G. Benjamin (© Matthew Lloyd)


Les opéras de George Benjamin (né en 1960) se portent bien, jugez plutôt. Le prochain, Picture a day like this, toujours en collaboration avec Martin Crimp, sera monté, en juillet, au Festival d’Aix‑en‑Provence, là où a été créé, en 2012, Written on Skin, sans doute l’œuvre qui a le mieux contribué à établir la réputation du compositeur britannique dans ce genre. Ce deuxième opéra a depuis lors été représenté à plusieurs reprises ailleurs, en ce compris en version de concert, une chance que connaît également le premier, Into the Little Hill (2006). Le troisième, et dernier en date, Lessons in Love and Violence, créé, lui, à Londres, en 2017, poursuit également une belle carrière.


Le compositeur, qui, à l’instar de Britten, a l’habitude d’interpréter sa propre musique, dirige, ce mardi soir, devant un public clairsemé, l’Orchestre de chambre Mahler dans son dernier opéra, fondé sur la pièce Edouard II de Christopher Marlowe, un contemporain de Shakespeare.
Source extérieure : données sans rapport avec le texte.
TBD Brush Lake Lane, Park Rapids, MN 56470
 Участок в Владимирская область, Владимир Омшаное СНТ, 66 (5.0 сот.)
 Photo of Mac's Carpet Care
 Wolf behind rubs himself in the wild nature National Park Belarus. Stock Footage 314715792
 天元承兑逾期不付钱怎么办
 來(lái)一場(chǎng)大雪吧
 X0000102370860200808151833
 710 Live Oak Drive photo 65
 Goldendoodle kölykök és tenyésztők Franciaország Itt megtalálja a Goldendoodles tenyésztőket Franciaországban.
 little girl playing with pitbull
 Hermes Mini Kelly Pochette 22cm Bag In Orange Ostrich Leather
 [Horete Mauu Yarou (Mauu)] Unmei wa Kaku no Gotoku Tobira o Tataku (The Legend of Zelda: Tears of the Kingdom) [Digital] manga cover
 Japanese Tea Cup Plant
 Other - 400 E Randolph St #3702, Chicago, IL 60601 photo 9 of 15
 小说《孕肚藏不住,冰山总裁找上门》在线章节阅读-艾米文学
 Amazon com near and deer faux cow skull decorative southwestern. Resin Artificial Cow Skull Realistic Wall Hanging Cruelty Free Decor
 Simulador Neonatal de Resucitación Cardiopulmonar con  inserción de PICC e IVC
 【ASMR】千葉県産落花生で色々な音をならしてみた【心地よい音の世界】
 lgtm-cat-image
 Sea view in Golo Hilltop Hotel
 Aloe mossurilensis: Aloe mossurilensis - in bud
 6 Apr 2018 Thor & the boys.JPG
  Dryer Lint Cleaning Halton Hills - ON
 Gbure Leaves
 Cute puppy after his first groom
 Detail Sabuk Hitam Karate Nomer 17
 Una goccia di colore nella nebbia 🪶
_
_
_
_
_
Au vu de la faible affluence, la musique contemporaine suscite décidément des craintes. Des spectateurs – pas trop nombreux, mais quand même – quittent même la salle durant l’exécution, un comportement incompréhensible et même grossier. L’œuvre est pourtant belle et captivante, et l’argument accessible. Amoureux des arts, le roi Edouard, qui entretient des relations difficiles avec sa femme et ses deux enfants, s’éprend passionnément de Gaveston, un être honni par le peuple, affamé et en révolte. Son conseiller militaire, Mortimer, accuse le monarque de sa mauvaise gouvernance et lui reproche ses penchants homosexuels. Ce dernier le bannit.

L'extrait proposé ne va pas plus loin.